> [Stored data]:
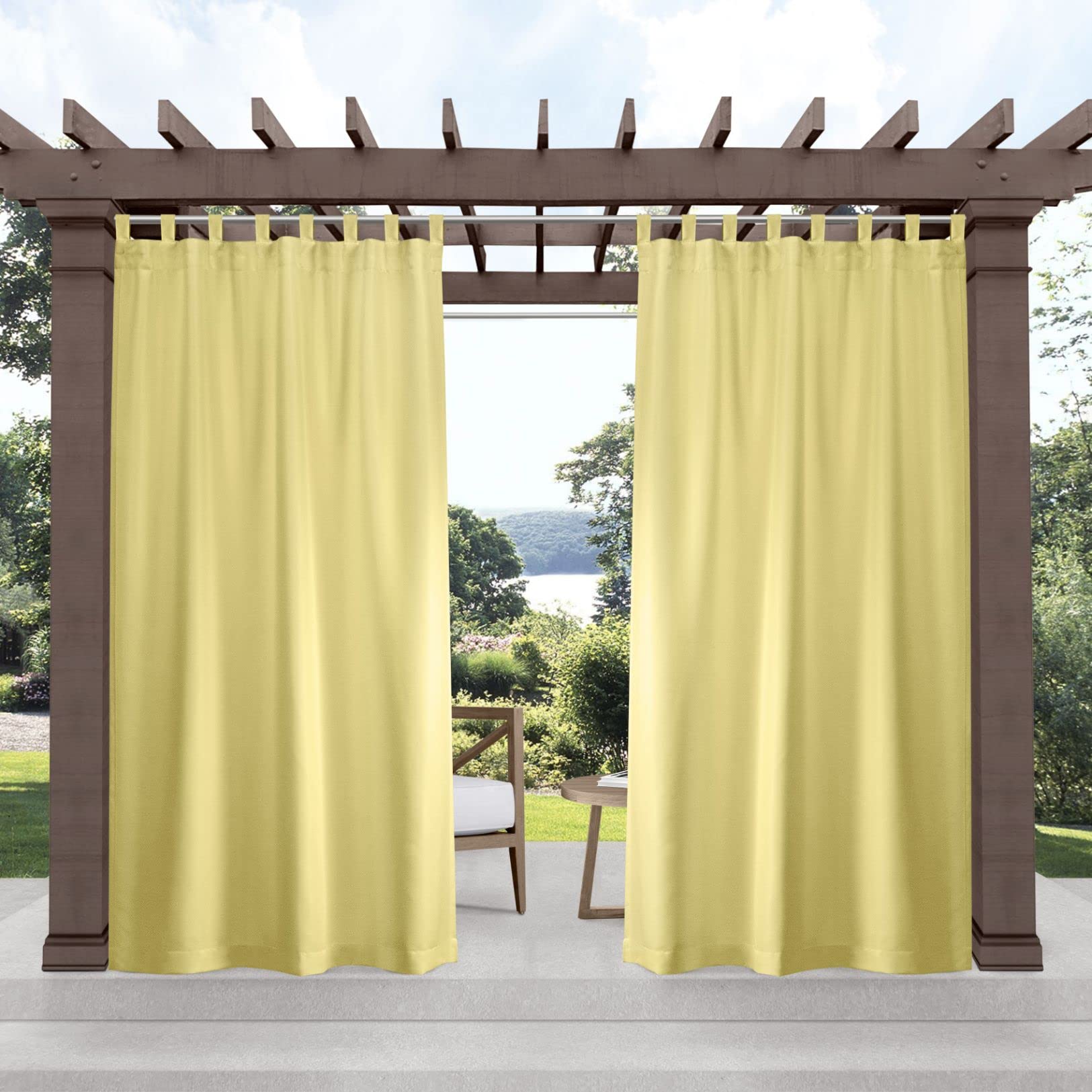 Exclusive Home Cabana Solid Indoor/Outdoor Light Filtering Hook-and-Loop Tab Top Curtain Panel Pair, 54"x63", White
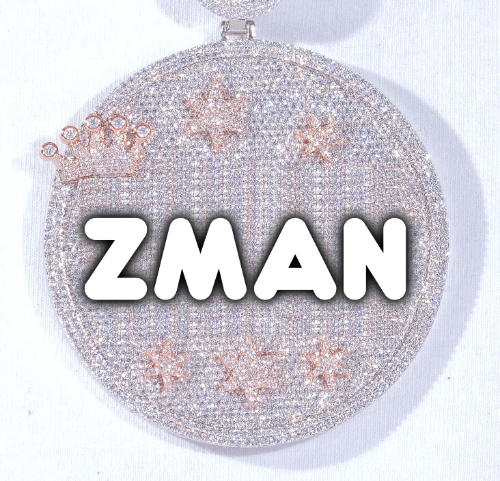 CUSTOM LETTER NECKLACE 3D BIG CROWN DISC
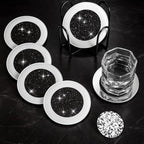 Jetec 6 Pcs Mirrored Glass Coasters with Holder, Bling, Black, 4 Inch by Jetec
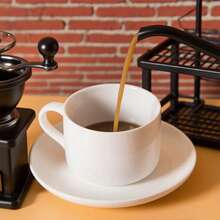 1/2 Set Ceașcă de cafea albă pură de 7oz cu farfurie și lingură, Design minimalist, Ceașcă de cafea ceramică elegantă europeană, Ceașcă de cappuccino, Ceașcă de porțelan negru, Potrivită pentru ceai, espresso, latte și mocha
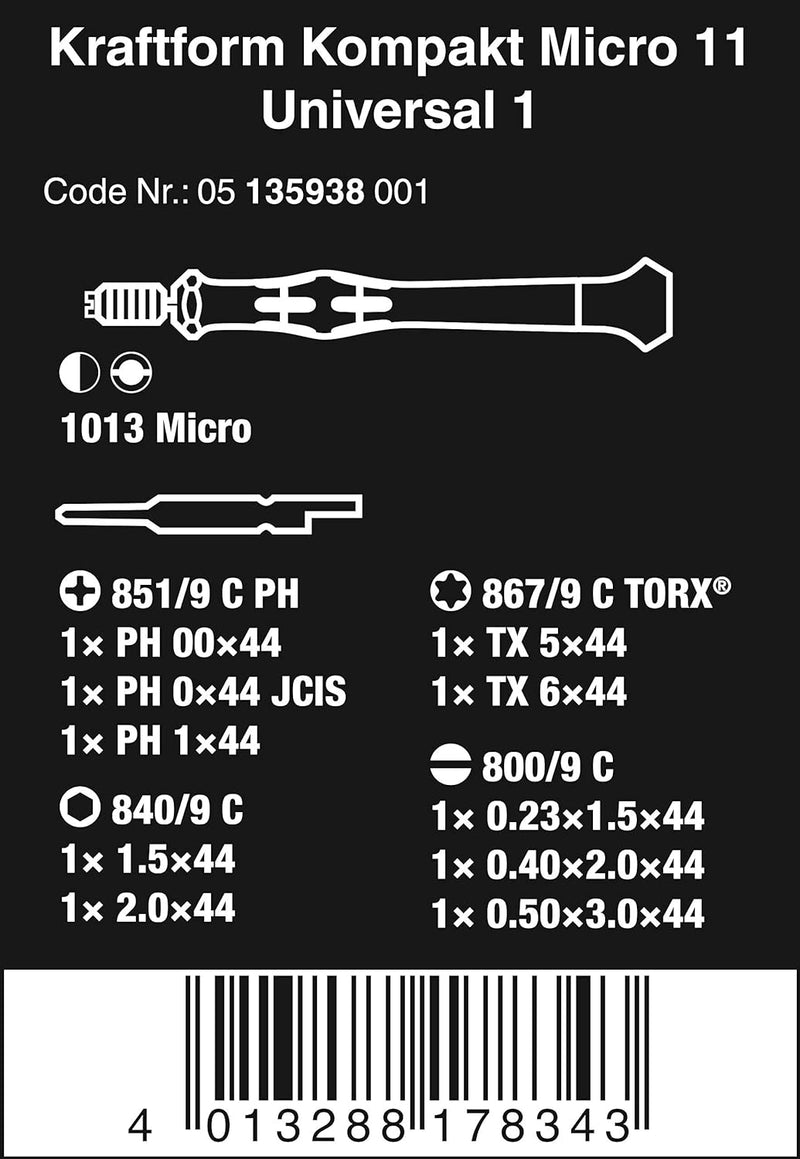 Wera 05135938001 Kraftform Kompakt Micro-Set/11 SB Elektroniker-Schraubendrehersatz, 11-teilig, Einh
==
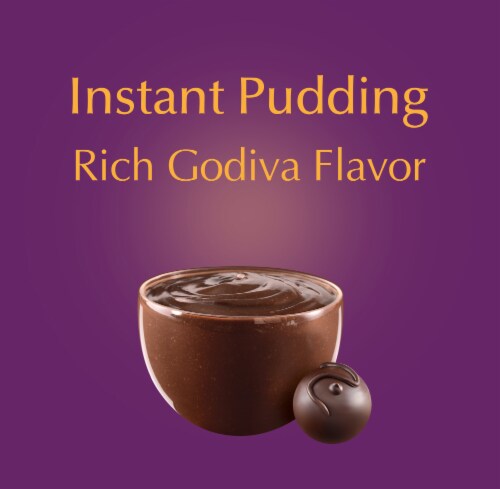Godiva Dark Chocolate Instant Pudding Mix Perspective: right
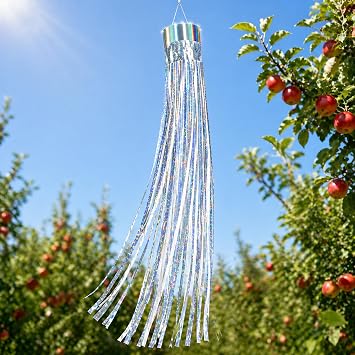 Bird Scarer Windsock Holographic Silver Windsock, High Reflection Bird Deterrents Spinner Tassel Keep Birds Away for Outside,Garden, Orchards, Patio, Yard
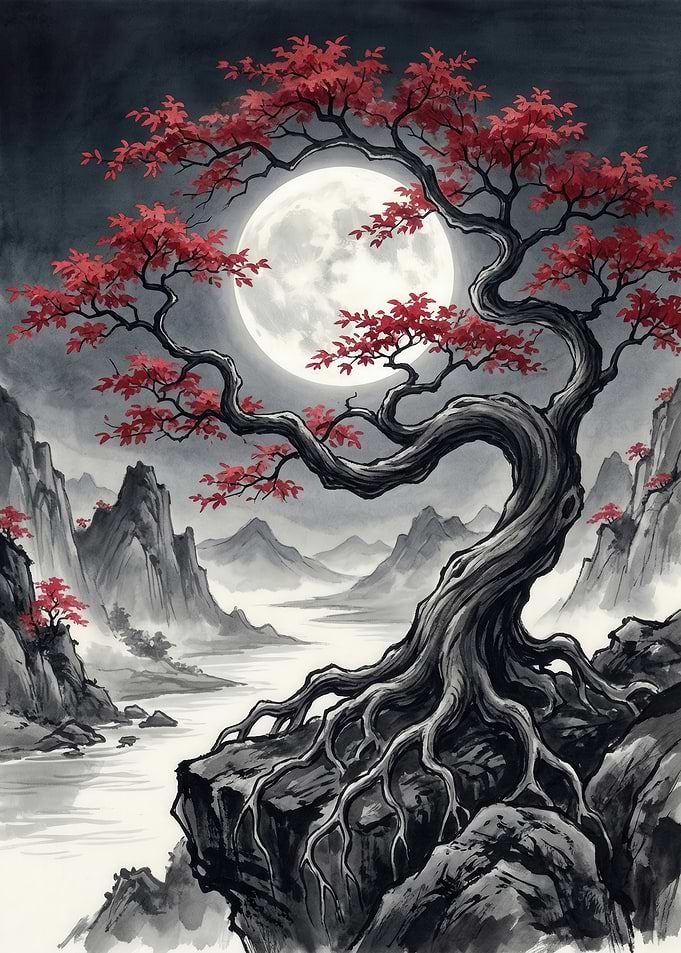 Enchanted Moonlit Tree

> [Work required]: In the listing above, find the line with "CUSTOM LETTER NECKLACE 3D BIG CROWN DISC" and the line with "Jetec 6 Pcs". Set down exactly those lines and everything between them, skipping pictures.

> [Solution]:
 CUSTOM LETTER NECKLACE 3D BIG CROWN DISC
 Jetec 6 Pcs Mirrored Glass Coasters with Holder, Bling, Black, 4 Inch by Jetec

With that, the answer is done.